RICHMOND-It happened quickly Friday. There weren’t any speeches for or against. A revised version of SB5035 simply passed through the Virginia House by a 51-46 vote. The bill increases the power of citizen review boards to investigate police. However, the final version differed from the original passed by the Senate. Now the two groups have to find common ground in order to pass it.
The concept of increasing the power for citizen review boards has been one of the more controversial items heard this session. The only two that come close involve no knock warrants and qualified immunity. First, the bill lets a city or county set up a board that can “receive, investigate and issue findings on complaints” involving police or police department employees. Some examples of this already exist in places like Charlottesville. Most of the existing committees are advisory boards, however. They can investigate to a point, but have no subpoena power and can only issue recommendations.
That changes if SB5035 passes. The bill lets review boards “make binding disciplinary determinations in cases that involve serious breaches of departmental and professional standards.” Under this plan, review boards could investigate complaints and then decide guilt or innocence. If the officer is guilty, the board then would be able to determine punishment. This could be a letter of reprimand, suspension without pay, demotion within the department or reassignment. They also would be legally able to fire officers if the board decides it’s necessary. Beyond that, the review board would be able to request reports from local law enforcement agencies. That includes going through their budget and then making recommendations.
Groups Argue If Change Is Necessary
The proposed new powers divided lawmakers and local groups. Law enforcement groups said it wasn’t needed. John Jones, executive director of the Virginia Sheriffs Association, told the House Public Safety Committee earlier this week that the boards would become a problem. He felt a citizen review board would just become political. In fact, Jones said, there was no need for one.
“Sheriffs as elected constitutional officers are constantly under review and we think the election is the ultimate citizen review board,” Jones said.
In fact, he said, sheriffs already deal with these complaints on a regular basis.
“Any citizen has access to that sheriff and in fact if you call your sheriff anytime, they can get through and they can file a complaint,” Jones said. “We don’t want a problem to fester.”
But elections aren’t enough, supporters of the bill argued. Why should people have to wait one month or one year to have their case against police heard?
“I wonder how and why an aggrieved party should have to wait if in year one of a term something goes terribly wrong with one sheriff or their deputies,” Del. Jeff Bourne asked. “Why should they have to wait for four years, to cast a vote against the incumbent to address some of these issues?”

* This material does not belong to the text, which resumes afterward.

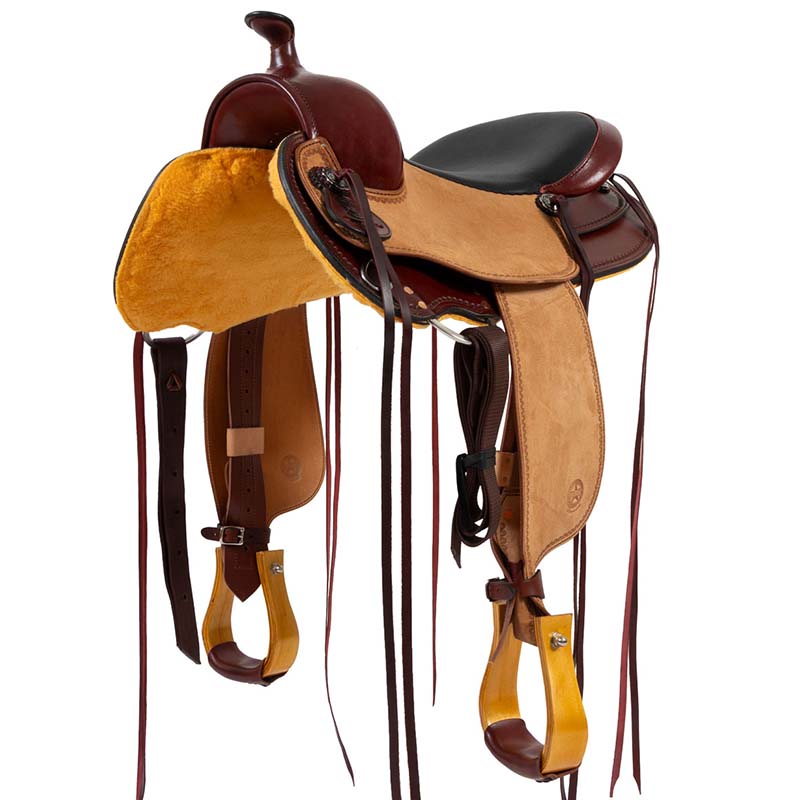 Western-Sattel Garland All Round border #1 mit rundem Skirt - 4851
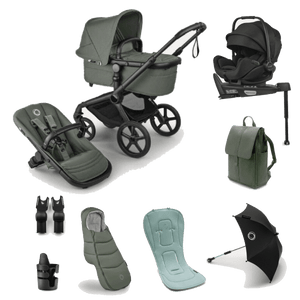 Bugaboo Travel Systems Bugaboo Fox 5 Renew Ultimate (Otter by Nuna) Travel System - Forest Green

Dominique Martin echoed Bourne’s statement, arguing change was necessary.
“We believe this bill is absolutely necessary to achieve some more accountability and transparency with law enforcement officers,” said Martin, a research and policy analyst with the New Virginia Majority.
One Word Causes Problems
The House and Senate versions of the bill differ due to one paragraph. The revised bill states “a locality shall establish a law-enforcement civilian oversight body.” There’s a big legal difference between shall and may. May is basically an invitation, saying a person or city council is allowed to do something. Shall is pretty clear. You are doing something, regardless if you like the idea or no. In earlier discussion, lawmakers questioned if it was necessary to include the word shall. If the bill passes, that means each city and county would have to set up a citizen board to review police, regardless of cost or need.